In 1887, Kuroda was appointed Minister of Agriculture and Commerce and just a year later, he became the second Prime Minister of Japan, succeeding Itō Hirobumi. Kuroda had to resign over his inability to revise the unequal treaties, and in 1892 he served as Minister of Communications. In 1895, he became a genrō and chairman of the Privy Council. Kuroda died of a brain haemorrhage in 1900. His former enemy in battle and protégé Enomoto presided over his funeral ceremonies.
The Namamugi Incident
Also known as the Kanagawa Incident, and as the Richardson Affair, or 生麦事件 (Namamugi-jiken in Japanese), it was an assault of samurai of the Shimazu daimyō of Kagoshima, Satsuma domain, on four British nationals who were travelling on horses north to Kawasaki Daishi temple. In the village of Nagamugi, close to Tsurumi, Yokohama, they encountered the armed retinue of Shimazu Hisamitsu, travelling in the opposite direction.
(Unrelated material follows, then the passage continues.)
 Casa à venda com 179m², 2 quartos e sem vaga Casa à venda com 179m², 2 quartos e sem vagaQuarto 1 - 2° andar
When the British party did not stop and dismount (they were, in fact, exempt under the Anglo-Japanese Friendship Treaty) as the procession passed by, one samurai struck Charles Lennox Richardson, wounding him mortally, two other British men were injured. The samurai later blamed the insolent behaviour of the British as a cause for the incident. It eventually led to the bombardment of Kagoshima by the Royal Navy in 1863 and the Anglo-Satsuma War over Satsuma’s refusal to apologise and pay compensation. In the end, the daimyō paid £100,000 – borrowed from the bakufu in Edo and never paid back.
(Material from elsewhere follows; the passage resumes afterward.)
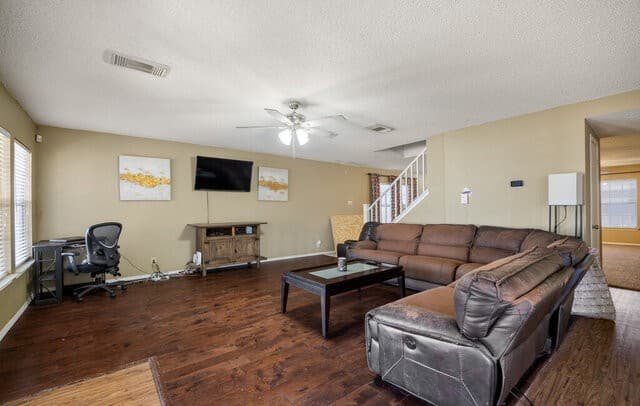 4-bedroom rental at 7318 Raintree in San Antonio, TX — photo 2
- Auslin, Michael R.; Negotiating with Imperialism: The Unequal Treaties and the Culture of Japanese Diplomacy, Harvard University Press 2006
- Ehara, Tadashi; Daimyo of 1867: Samurai Warlords of Shogun Japan, Different Worlds Publications 2010
- Jansen, Marius B.; The Emergence of Meiji Japan, Cambridge University Press 1995
- Mounsey, Augustus Henry; The Satsuma Rebellion: An Episode Of Modern Japanese History (1879), Kessinger Publishing 2008
- Namamugi Incident (by Lonelee Planet, linked via Internet Archive)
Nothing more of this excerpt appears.